# 3. wiesbadener bierathlon



## kimpel (15. Februar 2006)

unter der annahme das ich wahrscheinlich geteert und gefedert werde und mir wahrscheinlich jeglich teilnahme an touren & rennen rund um und im rhein-main gebiet verweigert werden  möchte ich euch doch auf den dritten offiziellen wiesbadener bierathlon aufmerksam machen (ich bin der link zu den informationen) , eine "sportliche veranstaltung" der anderen art.


----------



## Veloziraptor (17. Februar 2006)

Der Schuh ist alt. Das haben wir damals schon bei der ABI Fahrt gemacht. Nannte sich Gutenbier Halbmarathon - weil wir kamen von der wahren Rheinseite (Mainz rulez). Sprintwertung am Anfang mit gelben Trikot für schnellsten Ex-Suff. 21 x 0,3 Bier pro Person, weil Halbmarathon ja auch 21 km sind.

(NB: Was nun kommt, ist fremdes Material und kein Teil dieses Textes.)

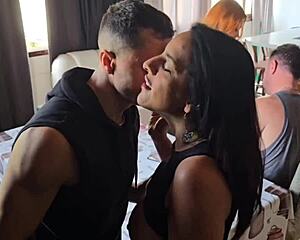 morning coffee turns into wild wife swap orgy with flashing slutty exhibitionist couples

Aber viel Spaß dabei!


----------



## MTB-News.de




----------



## kimpel (18. Februar 2006)

ist mir schon bewusst das ein bierathlon, niermarathon, kastenlauf, wie auch immmer schon länger bekannt ist, ist ja auch der dritte (aber erste hochoffizielle) wiesbadener und ich wollte das lokalforum hier nur auf diese "alternative sportveranstltung" aufmerksam machen (bei dem der spass und nicht das gewinnen und/oder komasaufen im vordergrund steht)


----------